You mentioned the importance of building community investment and perception of the benefit of environmental projects. What have you found to be the key to empowering people in a community to care about their natural resources?

Whether you are in the villages of Nepal or an inner-city neighborhood, it is listening. That takes time because people are afraid to talk to you until they feel comfortable with you. Once you understand what they perceive to be their problems and needs (and you get through the front runners, like jobs), you discover that people are motivated by family and they are concerned about kids, and security.

We had some open space in a neighborhood in Baltimore where the Parks Department wanted to build a playground and do some tree planting. Local people alongside the park said, “we don’t want the playground.” When we talked to them, we found out that they didn’t want the playground because the architect wanted to plant these lovely trees around the perimeter of the park but they wanted to be able to sit on their front stoop and see their children playing. Once we knew that, we could adjust the planting to serve the needs of the community. We must listen and we must avoid architectural determinism.

You have spent four decades conducting research, applying research, and teaching researchers. You have not only taught at Yale and in Nepal, but at other US institutions and at universities in Thailand, New Zealand, China, and Taiwan. What changes have you seen in the way urban forestry is taught, and in the way students are approaching research related to urban forests?

We have come a long way because urban forestry wasn’t even on the radar a couple of decades ago! The Baltimore Ecosystem Study helps gives urban forestry and urban ecology legitimacy, because it says to junior scientists, “It is okay to get your feet wet wandering around a city!”

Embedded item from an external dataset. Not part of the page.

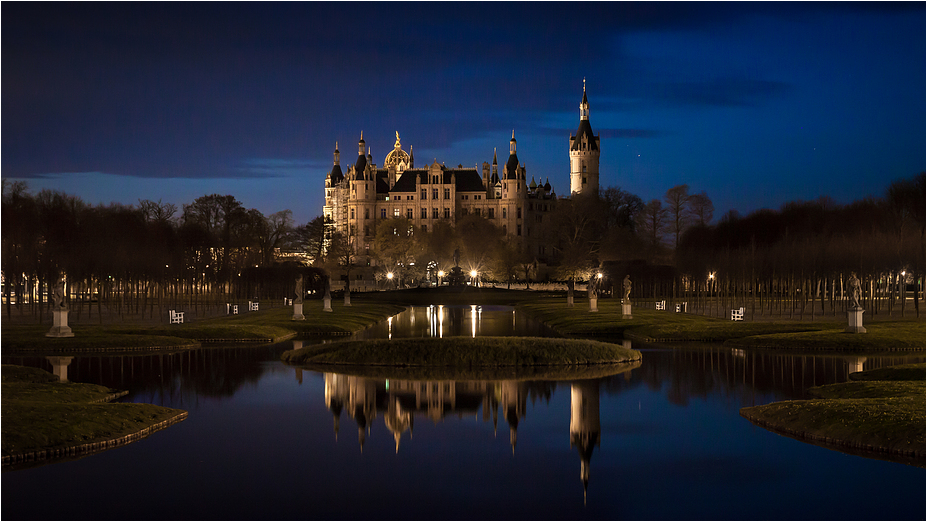 Schweriner Schloß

I am an Oregonian, so I know big trees. When we first came to Baltimore, my students and I stayed in a building that was on property belonging to the zoo. On the back side of the zoo, I saw some of the biggest trees I had ever seen in the northeast. Baltimore has incredibly gorgeous forest, and so does Philadelphia’s Fairmount Park. But those forests are all aging, and they will decline without the infrastructure to repair and replace them. The realization that these forests are worth rehabilitating is there. The fact that there are now professional courses and conferences on urban forestry demonstrate that there has been a significant change, but we still have a long way to go.

In Baltimore, and in other cities where you have neighborhoods with lots of abandoned houses, there is great potential to do production forestry, where you could grow trees that could be cut down and sold. When you convert vacant properties into forest patches, you create a larger, more contiguous forested landscape. Look at Detroit. What a phenomenal opportunity to start over! Do we need urban/community forests? You bet.

How far do you think we have come, in terms of shifting to a more eastern way of thinking about our urban forests which we discussed earlier?

Not as far as I’d hoped when I got into this business. It will come in fits and starts, and there will always be setbacks…like the recent election. However, there is a growing awareness that we can make cities the saviors in a warming climate through better design, better ideas about consumption and waste management, and better organization. This comes back to the great awakening you have in Buddhism, where you see yourself not as a parasite upon the larger environment, but part of it and a contributor to it.